Muitos pregadores não creem na autoridade da Bíblia
como Palavra de Deus. É impressionante constatar a quantidade de pastores que
deveriam nutrir a fé da igreja a partir da pregação da Palavra, mas não o fazem
porque não confiam que de fato a Bíblia é a Palavra de Deus. Se um homem nega a
inspiração, autoridade e suficiência da Escritura, ele não está qualificado
para pregar.
2) A pregação contemporânea sofre de obsessão por
tecnologia.
Vivemos em uma sociedade de forte apelo audiovisual.
O emprego de novas tecnologias não deve ser descartado, mas avaliado
criteriosamente. O risco não é usar esses recursos, mas se tornar escravo
deles. Um pastor não pode gastar mais tempos preparando slides para apresentar
o seu sermão do que estudando o texto bíblico e orando diante de Deus, por si e
pelos seus ouvintes. Como bem observou o dr. Moller, Deus decidiu ser ouvido e não
visto.
3) A pregação contemporânea sofre de focalização em
necessidades sentidas.
A principal necessidade do ser humano é a paz com
Deus por meio de Cristo. Desconsiderar essa verdade torna o púlpito um centro
de aconselhamento para tratar realização profissional, saúde financeira e
relacionamentos interpessoais. A psicologização do púlpito é uma triste
realidade no cenário evangélico brasileiro. Enquanto os pregadores gastam tempo
falando sobre os sete passos para melhorar o casamento, muitos casais nada
sabem sobre o que significa o texto: “Maridos, amai vossa mulher, como também
Cristo amou a igreja e a si mesmo se entregou por ela”.
O pastor moderno precisa voltar-se para o estudo
profundo das Escrituras e para a pregação expositiva da revelação divina.
Pequenos sermões tópicos, carregados de ilustrações sentimentais, que se ouvem
nos púlpitos, [...] não satisfazem as mais profundas necessidades espirituais
dos ouvintes”.
Felizes são as igrejas cujos pastores pregam a
Palavra de Deus. A história testemunha que as igrejas que mais crescem
espiritualmente são aquelas que valorizam a pregação. Enquanto o púlpito não
ocupar a primazia no culto não haverá edificação.

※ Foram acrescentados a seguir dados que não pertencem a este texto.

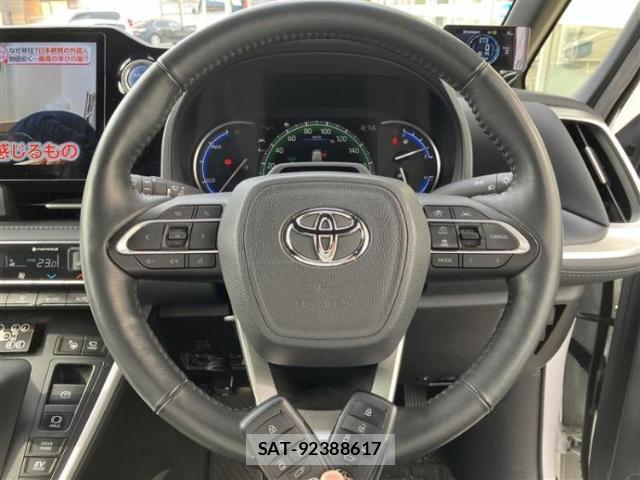 Toyota VOXY 2023-01 8878090-15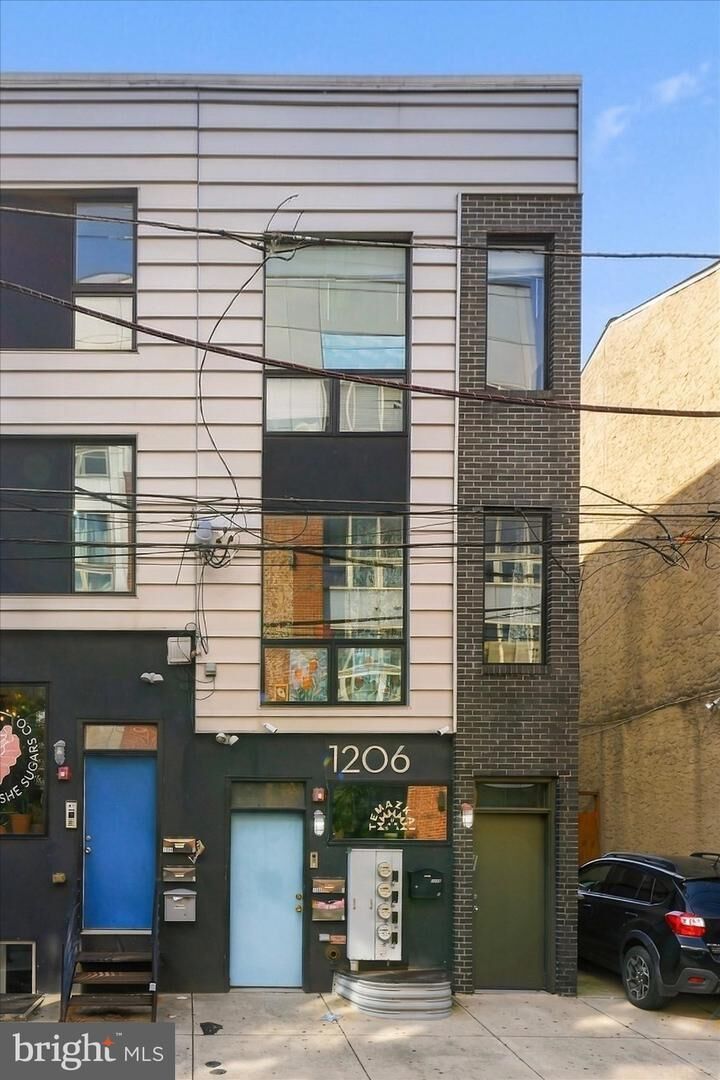 Property Photo: 1206 E Palmer Street PA 19125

III. Encorajamento aos pregadores.
A Reforma Protestante, a despeito de todas as acusações
de seus detratores, deixou um glorioso legado para o cristianismo, o resgate da
pregação pública da Palavra de Deus. Os reformadores não inventaram a pregação,
mas certamente lutaram para que ocupasse a primazia no culto cristão. Eles
exortavam os que estavam sob a sua liderança a buscar excelência na pregação da
Palavra. John Owen declarou que “o primeiro e principal dever de um pastor é
alimentar o rebanho pela pregação diligente da Palavra”. Para tanto, eles
tinham um pressuposto e uma motivação. Primeiro, eles entendiam que a pregação
da Palavra de Deus é “um meio de graça indispensável e sinal infalível da
verdadeira igreja” (Calvino). Segundo, a incansável luta desses gigantes da fé
tinha como alvo a glória de Deus. Sendo essa a motivação primária para subir ao
púlpito e anunciar o evangelho da graça. Deus é glorificado quando a igreja é
edificada, e isso acontece através da diligente e fiel pregação da Palavra.
Martin Lloyd-Jones disse que a pregação é a tarefa
mais importante do mundo. Calvino entendia que o púlpito é o trono de onde Deus
governa a sua igreja. A reforma da igreja começa no púlpito da igreja. “O
avivamento da igreja acontece quando se acende uma fogueira no púlpito”. (D. W. Moody).
Uma palavra de encorajamento.
1) Pregue a palavra.
Conjuro-te, perante Deus e Cristo Jesus, que há de
julgar vivos e mortos, pela sua manifestação e pelo seu reino: prega a palavra,
insta, quer seja oportuno, quer não, corrige, repreende, exorta com toda a
longanimidade e doutrina.
Uma grande honra é sempre acompanhada de uma grande
responsabilidade. A exortação de Alexander Wyte é muito oportuna: “Nunca pense
em abrir mão da pregação! Os anjos em derredor do trono invejam sua grandiosa
obra.”
2) Estude exaustivamente o texto.
Sem disciplina nos estudos não é possível pregar com
excelência. “Pregação que não custa nada não vale nada”, exortava John Henry
Jowett. O pastor deve dedicar-se aos estudos e a preparação do sermão. Alguém
sugeriu que para cada minuto de pregação o pregador deveria investir uma hora
de preparação. Pode parecer muito, ou até mesmo impraticável, mas o ponto é que
o preparo é fundamental. Segundo Spurgeon, o príncipe dos pregadores, “aquele
que cessa de aprender cessa de ensinar. Aquele que não semeia nos estudos não
colhe no púlpito”.
3) Crie pontes entre o mundo bíblico e o
contemporâneo.
Não torne a sua pregação uma coisa enfadonha e sem
sentido. Conheça a Escritura, mas também o povo para o qual você prega. Mostre
as pessoas a conexão entre o texto bíblico e a vida delas. Use ilustrações
vivas e verdadeiras. Uma boa ilustração é como janelas em uma casa, iluminam e
arejam o ambiente. A viva e eficaz Palavra de Deus precisa ser comunicada com
clareza, a fim de que haja uma correta aplicação para os ouvintes.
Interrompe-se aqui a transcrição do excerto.